I'm trying to create an accurate PDF highlight file as specified by Adobe in this technical note: http://www.adobe.com/devnet/pdf/pdfs/HighlightFileFormat.pdf
I have OCR text from my scanned documents that was generated from the program I used to create searchable PDFs. I tried calculating character offsets using the text, but it isn't entirely an accurate representation of what Adobe Reader thinks the text is, so at times my offsets are wrong. I've used PDFBox to generate the highlight file and found that it's very accurate, but it has to load PDFs and extract the text from them before calculating the offsets, which takes a lot of time (I want to display my PDFs with highlighted search hits when a user clicks on my search results).
I'm exploring using word offsets, even though the technical note warns against it because of a bug. The note says the bug is in Reader 3.01. Does anyone know if the bug's been fixed for 8.1?

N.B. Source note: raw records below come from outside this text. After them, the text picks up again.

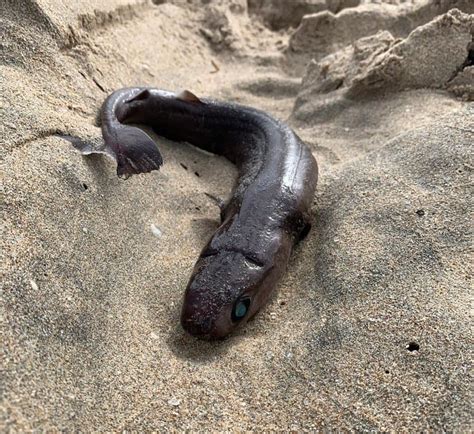 8 Creepy Cookiecutter Shark Facts - Fact Animal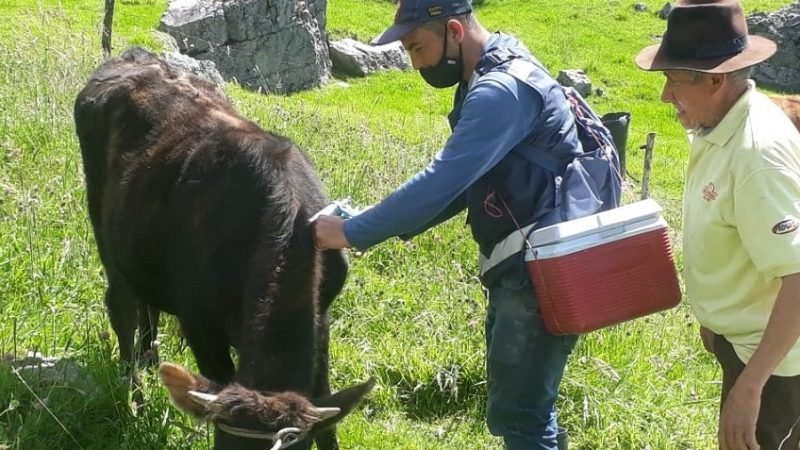 Vacunación-antiaftosa-2ciclo-2022 (3)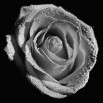 Fototapeta kremowa róża - zmiana koloru na czarno biały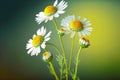 thin stems with white yellow chamomile heads on blurry green background Royalty Free Stock Photo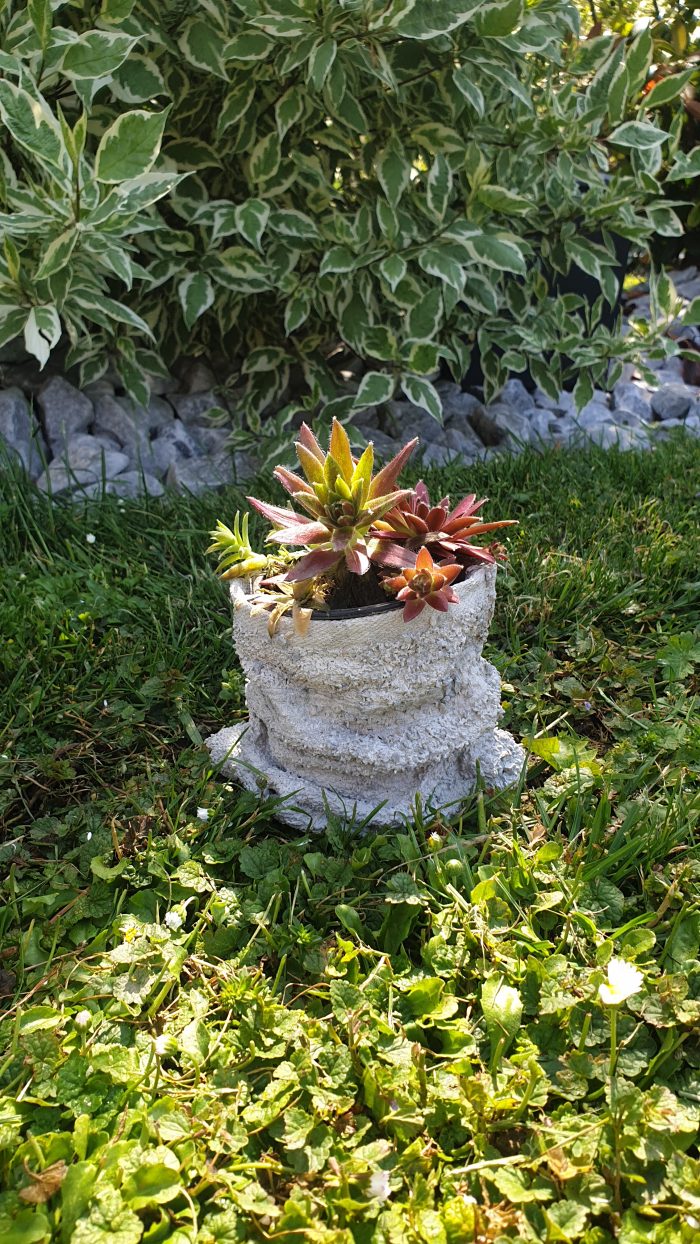 Blumentopf – Bild 5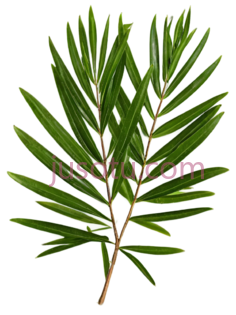 树叶,自然,绿色PNG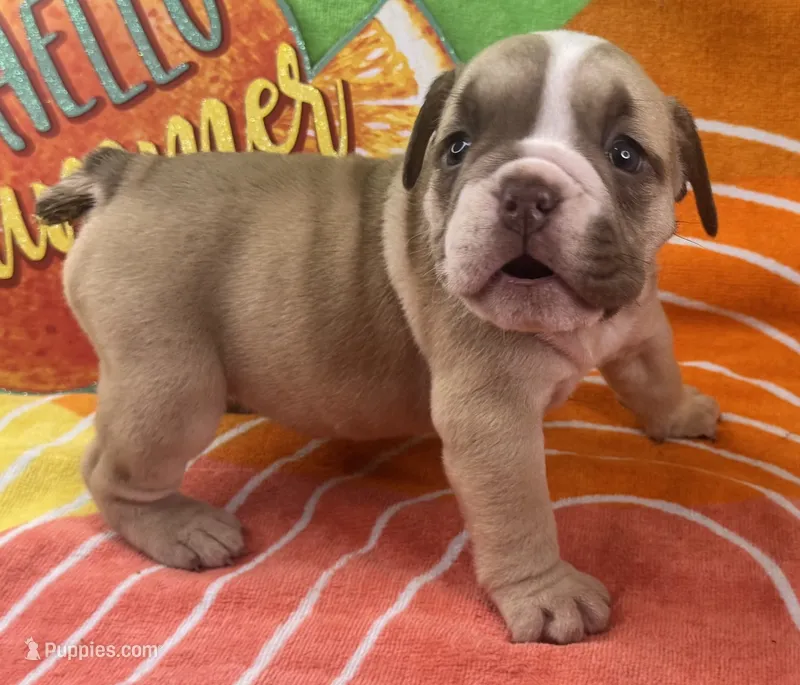 Rachel – English Bulldog puppy for sale in Colorado Springs, CO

Has the algorithm been published? While testing word finding, I've found that sometimes punctuation is considered a word and sometimes it's not. For example, a person's initial, written as a letter and a period ("A."), could be one word or two words. The Reader just decides which with no rhyme or reason that I can see. Knowing the algorithm would be a great help.
I know I'll probably have to pre-extract accurate text using PDFBox, but I just wanted to play around with word finding. Any help would be greatly appreciated! Thanks.
The algorithm isn't published. There is a great deal of fuzzy logic,
by necessity, since spaces are not stored in a PDF. What is seen as a
space, and hence a word separator, is actually Reader noticing that
two consecutive letters are further apart than is reasonable.